CHARLOTTE, N.C. — Charlotte city leaders learned new details in their first strategy meeting of 2020, as they poured over detailed crime data in hopes of creating solutions to end an uptick in violence.
"It's been a really tough year in Charlotte," said Rebecca Hefner, director of the City of Charlotte's Data & Analytics team.
She helped give a presentation, that was about six months in the making according to Mayor Vi Lyles, to city council after 2019 saw 107 homicides.
Hefner called the violence in the Queen City a public health issue as she noted a reoccurring cycle that usually preempts a murder.
"The primary risk factor for victimization and perpetration is previous exposure to or an experience of violence," she said.
She, along with CMPD Deputy Chief Gerald Smith, presented the council with what they dubbed as the city's "durable hotspots."

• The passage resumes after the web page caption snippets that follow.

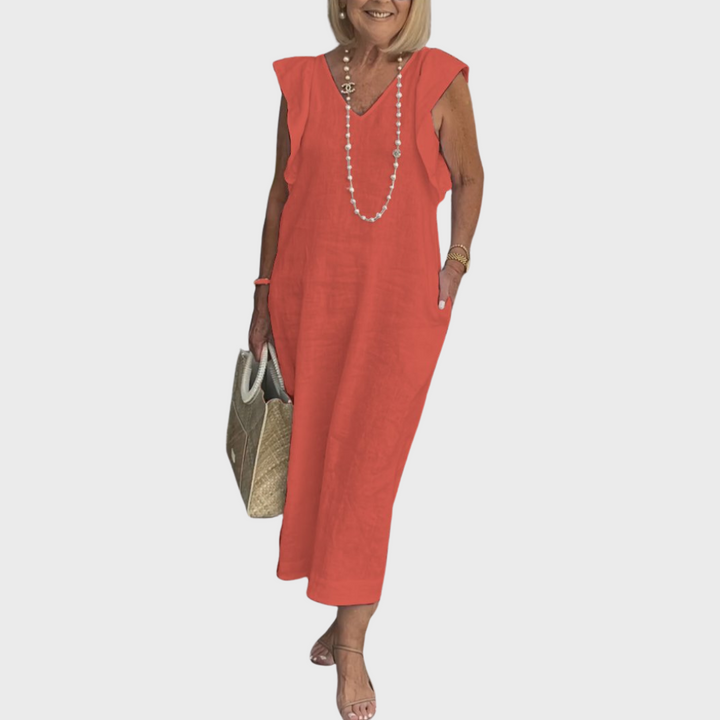 Elysia | Elegantes, Atmungsaktives &amp; Bequemes Damen Maxikleid 7
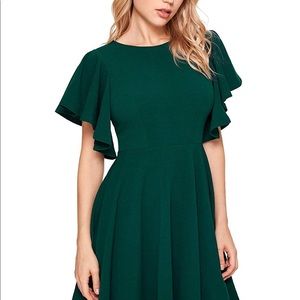 Dark Green Flare Amazon Dress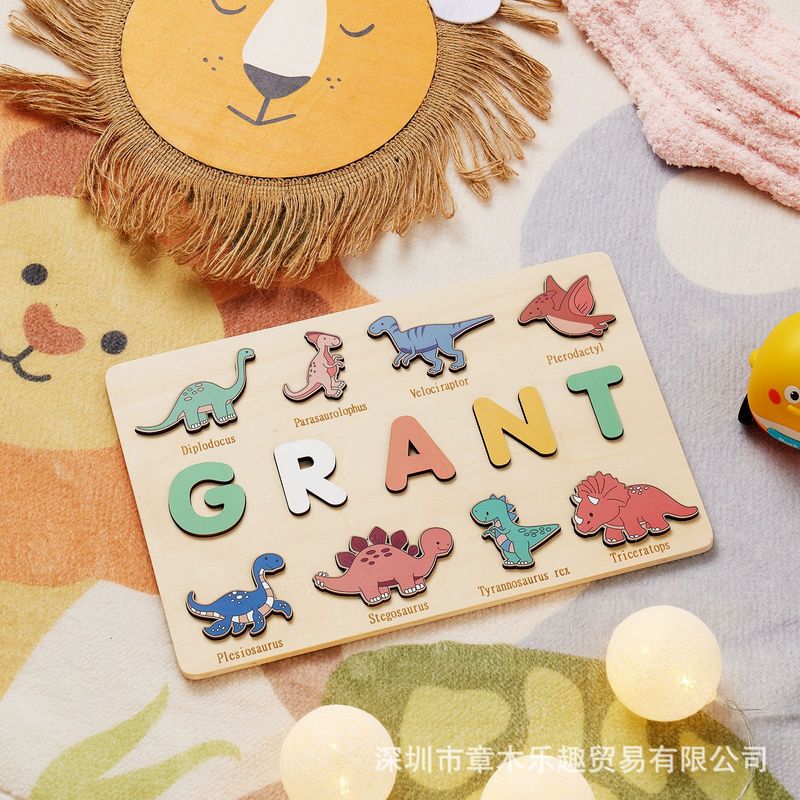 กระดานปริศนาชื่อไดโนเสาร์ไม้ ข - Kids Education Name บทวิจารณ์และราคา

The four areas comprise fewer than two square miles of CMPD jurisdiction and account for about 8 percent of violent crime in the city.
Each area has similar characteristics, including housing instability, drug problems, among others, according to CMPD.
The areas include I-85/Sugar Creek, Central/Sharon Amity, Nations Ford/Arrowwood, Beatties Ford/LaSalle.
The I-85/Sugar Creek area has 13 low-budget, cash-only motels, according to CMPD. They believe there's a lack of accountability when it comes to business owners and what they allow to happen at the motels, including prostitution.
The area of Beatties Ford Road and Lasalle deals with illegal drug activity, as well as a sizable homeless population, and a concentration of check cashing stores but lacks retail stores.
Other priority areas like the Nations Ford/Arrowwood area have a predominantly Hispanic and minority-based population. Officers said the largest crimes in the area are armed robberies of Hispanic victims since perpetrators know they are likely to carry cash and are seen as "easy victims."
At Central Avenue and Sharon Amity where there are communication barriers, it’s an entry point for refugees, and there’s cultural mistrust of institutions, according to the report.
CMPD has put an influx of resources in the trouble-spots, but crimes continue to happen.
"We cannot do this ourselves," Smith said. "Law enforcement, policing, CMPD, we cannot do this ourselves."
It's why the city wants to take a collaborative approach by digging into data, looking at root causes, including grass-root efforts in neighborhoods, and enacting evidence-based solutions.
"No one thing that in and of itself will make the community safer," Hefner said.
"I really think that the neighborhoods are going to step up and help us make good decisions," Mayor Lyles said.
City leaders continued to ask for more information on different points of data on Monday night as the mayor and city manager made it clear that the meeting was just the start of creating long-term solutions.
But some were frustrated the city hasn't acted enough.
"We have the homicide task force report from 2005, we have the criminal justice report from 2008, they've made all these recommendations and here we are talking about the same things on a different day," Mayor pro tem Julie Eiselt said. "So, when's it going to change?"
Possible solutions, such as more youth programs and a Violence Interruption Coalition, were tossed around at the strategy meeting.
"I want to hear more than about the four neighborhoods we've already known that accounts for 8% of the city's crimes, there's 92% we didn't talk about today," said Rob Dawkins, with SAFE Communities.
Violence Interruption Coalitions, groups in which trusted community leaders are called to help deescalate or mediate a problem before it gets out of hand, have been successful in other cities, according to Hefner.
Council members who are on the Safe Communities Committee will meet later in January to lay the framework of where the conversation goes and what solutions will be brought to the table.
Meanwhile, community leaders continue to hope for less talk and more action to prevent more killings in a city that's already seen so many.